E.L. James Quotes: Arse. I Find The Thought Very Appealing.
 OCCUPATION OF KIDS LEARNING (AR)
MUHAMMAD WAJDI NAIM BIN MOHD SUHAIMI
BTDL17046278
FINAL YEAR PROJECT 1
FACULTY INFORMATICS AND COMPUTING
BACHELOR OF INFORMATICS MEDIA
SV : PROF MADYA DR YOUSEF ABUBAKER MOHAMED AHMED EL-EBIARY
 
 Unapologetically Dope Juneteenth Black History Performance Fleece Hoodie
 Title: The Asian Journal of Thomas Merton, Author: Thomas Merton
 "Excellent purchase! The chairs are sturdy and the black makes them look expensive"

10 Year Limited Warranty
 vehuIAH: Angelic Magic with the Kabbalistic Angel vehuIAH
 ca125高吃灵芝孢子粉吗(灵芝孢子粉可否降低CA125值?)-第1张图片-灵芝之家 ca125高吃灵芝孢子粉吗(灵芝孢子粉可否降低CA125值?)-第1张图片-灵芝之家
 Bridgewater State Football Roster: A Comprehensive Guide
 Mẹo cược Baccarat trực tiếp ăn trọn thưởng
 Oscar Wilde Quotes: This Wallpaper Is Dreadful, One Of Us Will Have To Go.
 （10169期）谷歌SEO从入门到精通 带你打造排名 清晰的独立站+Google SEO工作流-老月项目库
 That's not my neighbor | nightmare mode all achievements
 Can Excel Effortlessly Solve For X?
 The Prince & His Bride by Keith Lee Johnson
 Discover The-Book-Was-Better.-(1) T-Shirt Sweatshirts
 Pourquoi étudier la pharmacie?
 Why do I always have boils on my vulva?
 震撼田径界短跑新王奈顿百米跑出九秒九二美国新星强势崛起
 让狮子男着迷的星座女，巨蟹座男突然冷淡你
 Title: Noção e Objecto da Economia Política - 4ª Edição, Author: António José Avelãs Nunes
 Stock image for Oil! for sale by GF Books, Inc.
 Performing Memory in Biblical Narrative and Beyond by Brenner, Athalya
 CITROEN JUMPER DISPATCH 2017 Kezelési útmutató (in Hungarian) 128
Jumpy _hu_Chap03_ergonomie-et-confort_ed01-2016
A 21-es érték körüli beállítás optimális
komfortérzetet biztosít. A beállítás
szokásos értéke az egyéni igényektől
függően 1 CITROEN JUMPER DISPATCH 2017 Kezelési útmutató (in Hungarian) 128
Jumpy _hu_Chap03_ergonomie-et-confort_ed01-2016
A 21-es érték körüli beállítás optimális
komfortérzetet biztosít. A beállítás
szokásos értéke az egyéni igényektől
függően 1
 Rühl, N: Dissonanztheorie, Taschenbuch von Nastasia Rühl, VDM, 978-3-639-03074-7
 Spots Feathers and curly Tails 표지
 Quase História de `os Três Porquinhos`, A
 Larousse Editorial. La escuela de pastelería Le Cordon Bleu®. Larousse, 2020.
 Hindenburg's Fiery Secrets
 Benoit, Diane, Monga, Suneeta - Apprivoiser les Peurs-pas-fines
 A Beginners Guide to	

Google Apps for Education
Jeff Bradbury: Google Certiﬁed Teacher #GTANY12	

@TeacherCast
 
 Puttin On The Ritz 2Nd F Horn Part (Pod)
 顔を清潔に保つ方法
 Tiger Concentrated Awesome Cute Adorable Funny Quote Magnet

- - -

-- THE TASK --
Exactly the lines above from the one with "Pourquoi étudier la pharmacie?" to the one with "Performing Memory in", both included, are to be quoted; leave the rest out.

-- SOLUTION TO THE EXERCISE --
 Pourquoi étudier la pharmacie?
 Why do I always have boils on my vulva?
 震撼田径界短跑新王奈顿百米跑出九秒九二美国新星强势崛起
 让狮子男着迷的星座女，巨蟹座男突然冷淡你
 Title: Noção e Objecto da Economia Política - 4ª Edição, Author: António José Avelãs Nunes
 Stock image for Oil! for sale by GF Books, Inc.
 Performing Memory in Biblical Narrative and Beyond by Brenner, Athalya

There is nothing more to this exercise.